HOUSTON, Oct. 2 -- CNOOC Ltd. agreed to buy a 12.5% stake in the reserves and upstream production of the Tangguh joint LNG project in Indonesia from BP PLC in what CNOOC Ltd. calls an acquisition "complementary to its natural gas strategy."

The Tangguh LNG project is operated by Indonesian state oil and gas enterprise Pertamina and BP unit BP Indonesia in Berau Bay, Irian Jaya (Papua). Tangguh consists of three offshore production-sharing contracts (PSC) and the planned onshore LNG terminal. Pertamina will own the terminal, which will be operated by a company jointly owned by Pertamina and the PSC partners.

In a heads of agreement on Tangguh, CNOOC Ltd. agreed to pay BP $275 million to acquire interest in the Tangguh's PSCs. The areas involved are the Berau PSC, the Muturi PSC, and the Wiriagar PSC (OGJ Online, Nov. 7, 2001).

Tangguh project partners have a 25-year supply contract to provide up to 2.6 million tonnes/year of LNG to a planned LNG terminal at Fujian, China, beginning in 2007. The terminal would be built on the coast of southern China, opposite Taiwan.

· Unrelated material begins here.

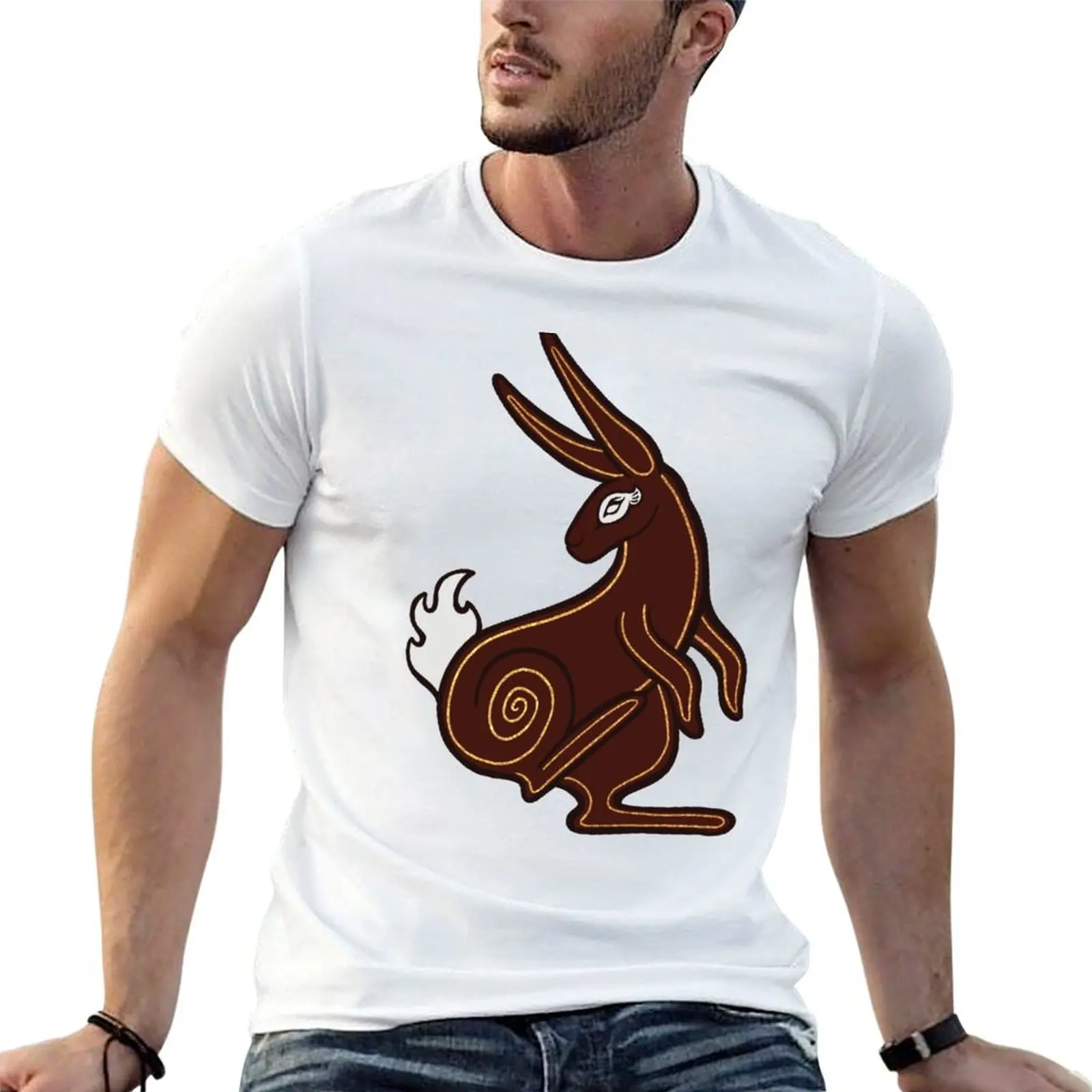 

El-Ahrairah, Prince of the Rabbits - Watership Down Fan Art T-Shirt man t shirts graphic anime tshirt t shirt man cotton T-Shirt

Construction of the Fujian terminal is expected to start in 2004, and the terminal is expected to be ready to receive LNG in mid 2007, Mark Qiu, CNOOC Ltd. chief financial officer, told reporters in an Oct. 1 conference call.

He also expressed confidence in the market for LNG, saying 2.6 tonnes/year is a "fairly conservative" volume that could provide natural gas for only two or three power plants.

Wei Liucheng, CNOOC Ltd. chairman and CEO, said in a Sept. 27 news release that, "The acquisition of a material stake in the Tangguh joint venture. . .would expand both the company's natural gas reserves and our upstream presence in Indonesia. This proposed acquisition, together with our recently announced proposal to acquire an upstream interest in Australia's North West Shelf's Gas Project, would be a substantial step in executing our commitment to supplying natural gas to the rapidly growing market in China."

Previously, CNOOC Ltd.'s parent—China National Offshore Oil Corp.— and Guangdong LNG partners selected Australia's North West Shelf venture to supply China's first LNG imports terminal planned at Guangdong in southern China (OGJ, Aug. 19, 2002, p. 9).